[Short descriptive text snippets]

========

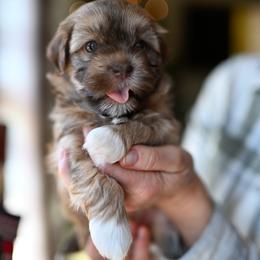 Lovey - Red sable female Havanese puppy in Ringgold, Georgia from Havana Suites Havanese
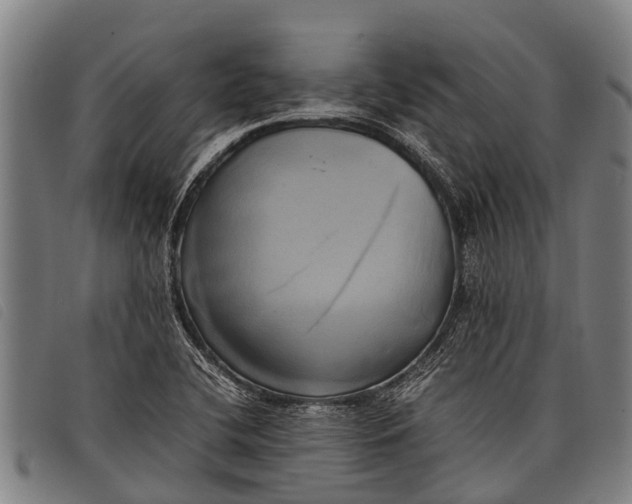 X0000097861412200804041518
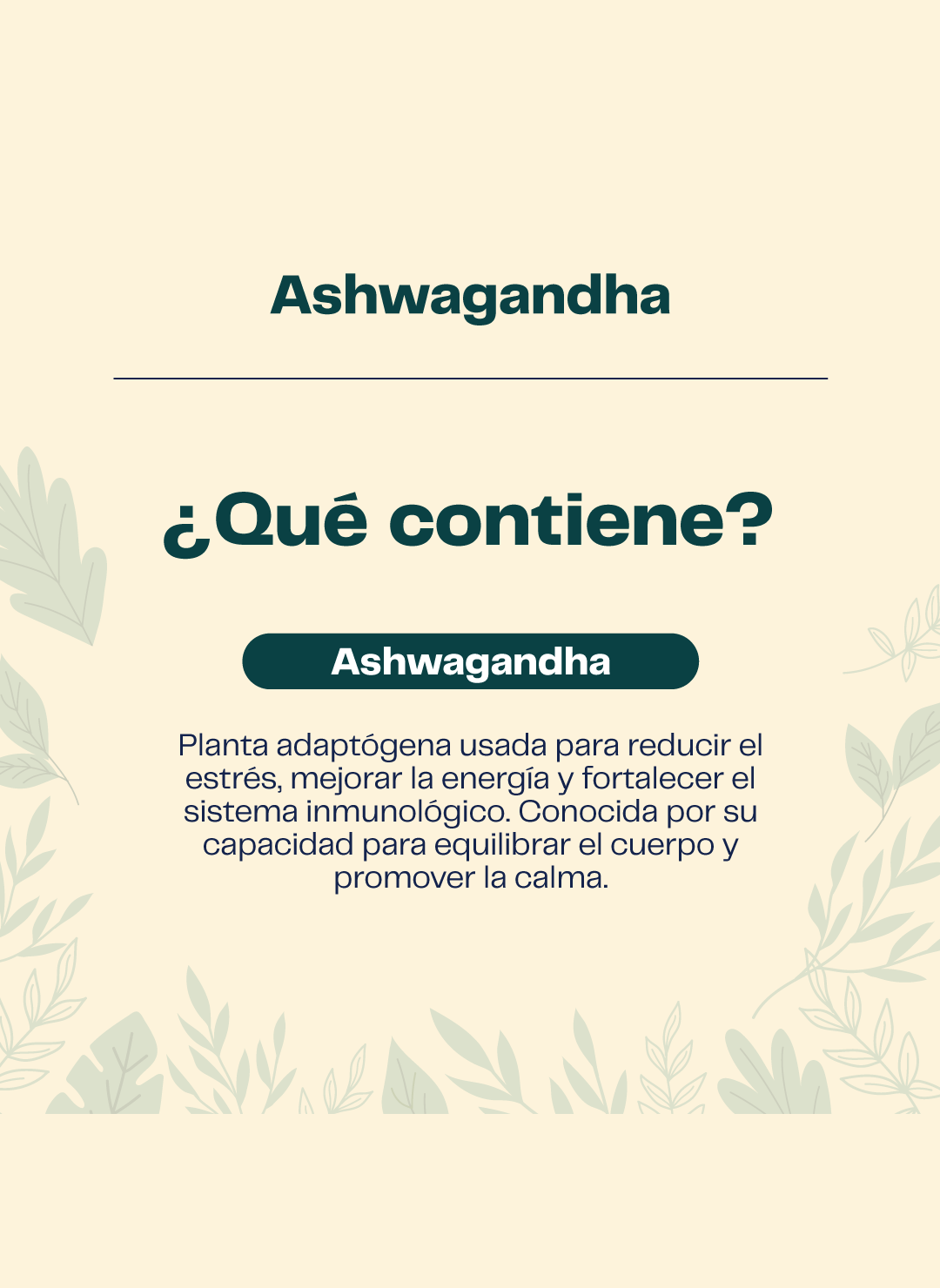 Ashwagandha Doble Extracto Gotas 30 Ml Karun Life-2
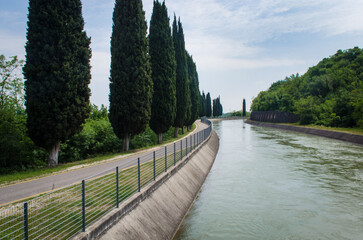 Fototapeta na wymiar La pista ciclabile dell'Adige fra un canale e un filare di cipressi lungo la Via Postumia, cammino che parte da Aquileia e arriva a Genova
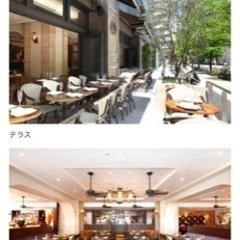 明日（水）有楽町でバスクチーズケーキ食べませんか?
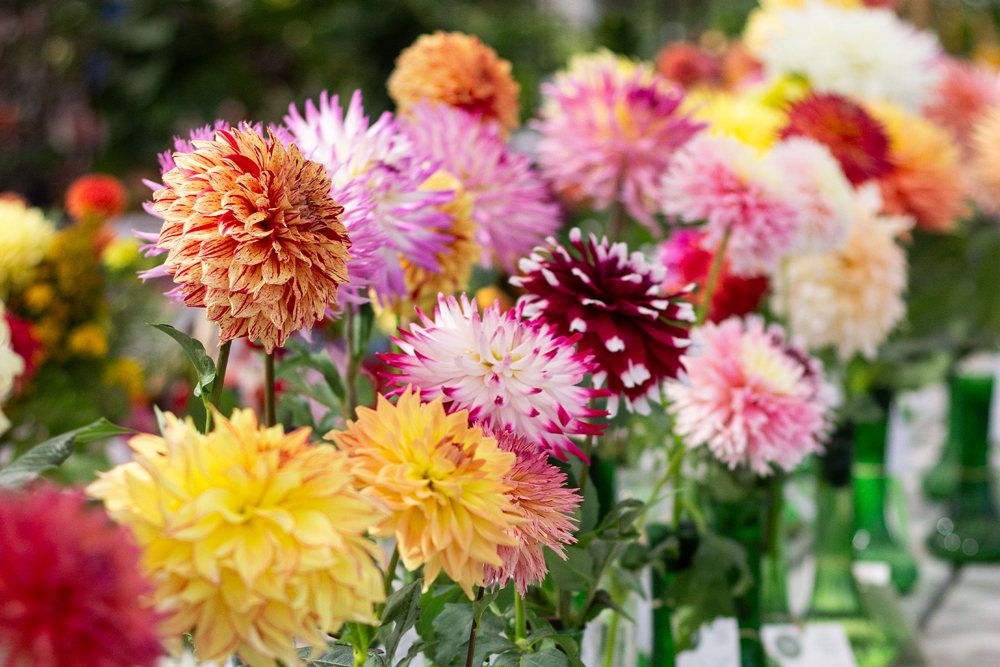 Vibrant Dahlia Blooms | Suburban Lawn & Garden Colorful dahlia flowers in shades of pink, yellow, red, and orange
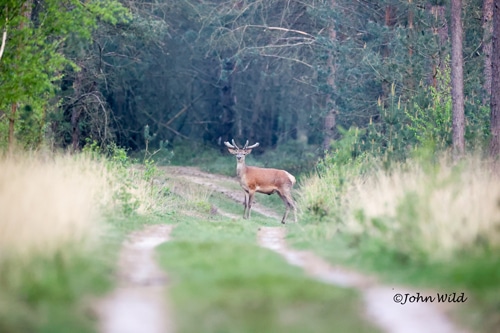 Wild spotten met John Wild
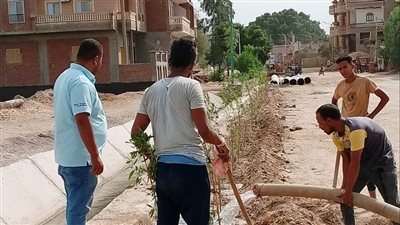 زراعة 500 شجرة جديدة بقرية نيدة بسوهاج 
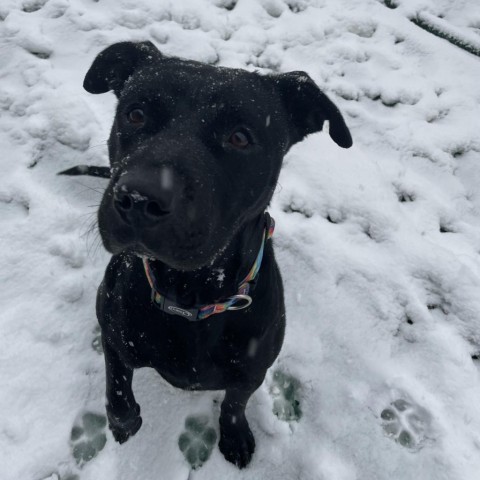 Martha-Foster, an adoptable Mixed Breed in Grand Rapids, MI, 49534 | Photo Image 6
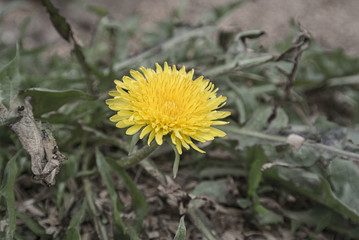 flower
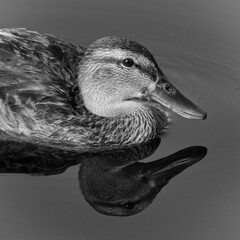 Close-up grayscale of a duck with its reflection in calm water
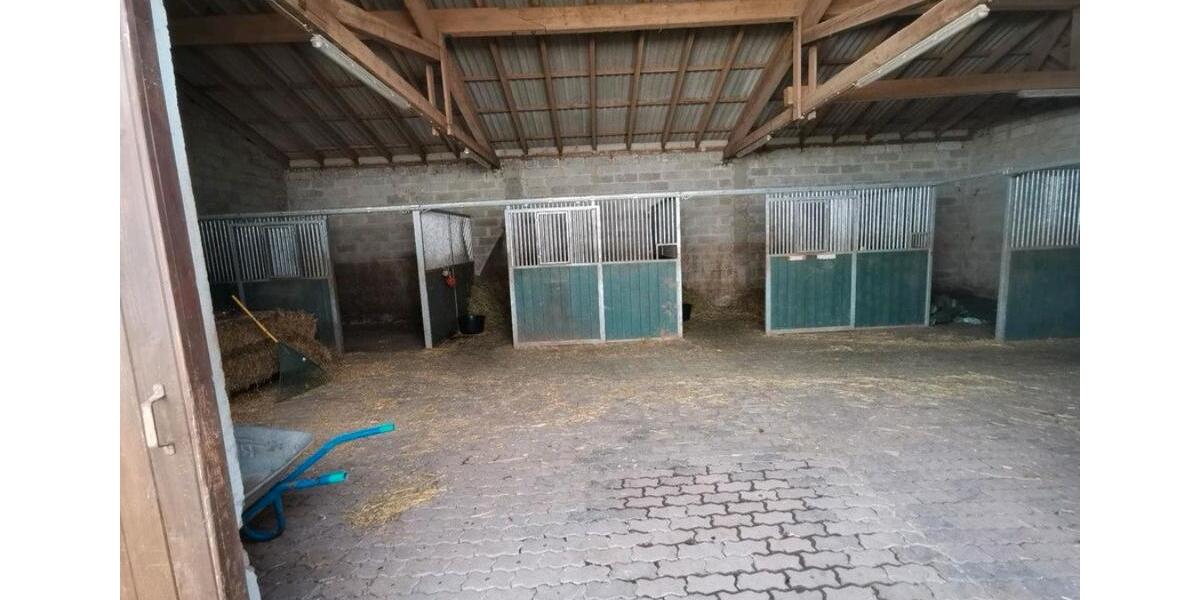Einfamilienhaus Pronsfeld - 498.000&euro; | Angebot:26524524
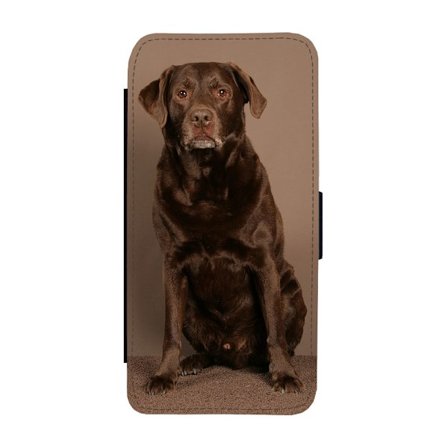 Brun Labrador Samsung Galaxy S22 Flip Mobilfodral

========

[What is being asked]
Return the data word for word without its pictures.

[Solution to the exercise]
 Lovey - Red sable female Havanese puppy in Ringgold, Georgia from Havana Suites Havanese
 X0000097861412200804041518
 Ashwagandha Doble Extracto Gotas 30 Ml Karun Life-2
 Fototapeta na wymiar La pista ciclabile dell'Adige fra un canale e un filare di cipressi lungo la Via Postumia, cammino che parte da Aquileia e arriva a Genova
 明日（水）有楽町でバスクチーズケーキ食べませんか?
 Vibrant Dahlia Blooms | Suburban Lawn & Garden Colorful dahlia flowers in shades of pink, yellow, red, and orange
 Wild spotten met John Wild
 زراعة 500 شجرة جديدة بقرية نيدة بسوهاج 
 Martha-Foster, an adoptable Mixed Breed in Grand Rapids, MI, 49534 | Photo Image 6
 flower
 Close-up grayscale of a duck with its reflection in calm water
Einfamilienhaus Pronsfeld - 498.000&euro; | Angebot:26524524
 Brun Labrador Samsung Galaxy S22 Flip Mobilfodral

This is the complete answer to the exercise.